• INSTRUCTIONS TO FOLLOW:
Give the data again exactly, from its opening line through the line in which "So Connor, tell" appears.

Stored data:
==========
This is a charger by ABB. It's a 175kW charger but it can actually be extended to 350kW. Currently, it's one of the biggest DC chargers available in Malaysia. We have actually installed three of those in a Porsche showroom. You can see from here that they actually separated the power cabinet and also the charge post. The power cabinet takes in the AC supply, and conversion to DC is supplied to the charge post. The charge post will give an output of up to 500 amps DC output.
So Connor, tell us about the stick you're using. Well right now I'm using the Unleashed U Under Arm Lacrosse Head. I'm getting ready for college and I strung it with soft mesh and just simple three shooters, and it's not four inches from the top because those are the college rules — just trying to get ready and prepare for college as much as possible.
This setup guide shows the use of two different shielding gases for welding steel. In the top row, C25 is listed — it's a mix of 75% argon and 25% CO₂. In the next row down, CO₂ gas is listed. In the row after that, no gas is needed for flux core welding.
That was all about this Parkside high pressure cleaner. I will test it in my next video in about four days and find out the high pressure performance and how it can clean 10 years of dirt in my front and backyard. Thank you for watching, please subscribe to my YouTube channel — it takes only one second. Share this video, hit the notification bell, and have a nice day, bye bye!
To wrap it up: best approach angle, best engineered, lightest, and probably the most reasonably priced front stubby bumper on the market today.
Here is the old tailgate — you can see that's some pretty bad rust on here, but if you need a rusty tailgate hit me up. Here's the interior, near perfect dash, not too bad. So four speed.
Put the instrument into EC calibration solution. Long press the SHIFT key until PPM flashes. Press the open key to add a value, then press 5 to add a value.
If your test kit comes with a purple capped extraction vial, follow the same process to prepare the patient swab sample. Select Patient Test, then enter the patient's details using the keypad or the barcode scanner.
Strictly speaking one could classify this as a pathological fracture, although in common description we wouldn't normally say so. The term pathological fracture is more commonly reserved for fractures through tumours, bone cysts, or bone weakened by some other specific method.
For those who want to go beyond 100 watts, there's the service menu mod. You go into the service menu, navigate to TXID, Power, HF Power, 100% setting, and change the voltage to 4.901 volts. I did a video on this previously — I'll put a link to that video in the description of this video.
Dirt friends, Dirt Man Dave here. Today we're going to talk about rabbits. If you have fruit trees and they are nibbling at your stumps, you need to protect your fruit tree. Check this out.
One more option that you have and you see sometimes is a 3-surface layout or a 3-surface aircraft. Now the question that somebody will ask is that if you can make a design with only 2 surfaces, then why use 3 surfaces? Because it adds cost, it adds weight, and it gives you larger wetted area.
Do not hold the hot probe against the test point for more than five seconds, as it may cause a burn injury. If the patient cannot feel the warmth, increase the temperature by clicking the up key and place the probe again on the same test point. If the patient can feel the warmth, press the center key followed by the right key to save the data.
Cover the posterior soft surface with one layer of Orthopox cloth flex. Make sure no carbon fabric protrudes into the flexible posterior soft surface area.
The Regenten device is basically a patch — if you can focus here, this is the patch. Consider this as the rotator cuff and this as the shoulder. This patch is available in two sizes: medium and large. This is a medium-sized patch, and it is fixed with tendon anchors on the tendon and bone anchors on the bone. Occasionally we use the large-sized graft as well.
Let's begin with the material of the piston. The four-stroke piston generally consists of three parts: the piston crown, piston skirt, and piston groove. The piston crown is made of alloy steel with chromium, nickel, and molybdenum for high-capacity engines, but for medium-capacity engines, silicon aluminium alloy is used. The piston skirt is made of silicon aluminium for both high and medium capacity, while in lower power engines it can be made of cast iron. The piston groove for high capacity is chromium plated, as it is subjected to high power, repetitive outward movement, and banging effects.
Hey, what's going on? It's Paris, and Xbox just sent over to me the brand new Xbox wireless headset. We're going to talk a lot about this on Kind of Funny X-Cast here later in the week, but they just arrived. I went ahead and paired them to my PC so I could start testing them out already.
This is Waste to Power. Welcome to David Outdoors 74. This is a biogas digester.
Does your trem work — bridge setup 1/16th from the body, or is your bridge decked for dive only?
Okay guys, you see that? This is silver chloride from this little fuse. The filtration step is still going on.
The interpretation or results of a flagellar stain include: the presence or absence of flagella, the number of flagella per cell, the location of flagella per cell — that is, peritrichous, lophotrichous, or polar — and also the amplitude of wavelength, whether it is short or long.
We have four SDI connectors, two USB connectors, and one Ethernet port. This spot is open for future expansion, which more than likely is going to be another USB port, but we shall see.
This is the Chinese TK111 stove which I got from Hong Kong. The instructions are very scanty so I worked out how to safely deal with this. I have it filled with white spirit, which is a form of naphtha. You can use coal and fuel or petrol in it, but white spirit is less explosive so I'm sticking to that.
==========
• SOLUTION TO THE EXERCISE:
This is a charger by ABB. It's a 175kW charger but it can actually be extended to 350kW. Currently, it's one of the biggest DC chargers available in Malaysia. We have actually installed three of those in a Porsche showroom. You can see from here that they actually separated the power cabinet and also the charge post. The power cabinet takes in the AC supply, and conversion to DC is supplied to the charge post. The charge post will give an output of up to 500 amps DC output.
So Connor, tell us about the stick you're using. Well right now I'm using the Unleashed U Under Arm Lacrosse Head. I'm getting ready for college and I strung it with soft mesh and just simple three shooters, and it's not four inches from the top because those are the college rules — just trying to get ready and prepare for college as much as possible.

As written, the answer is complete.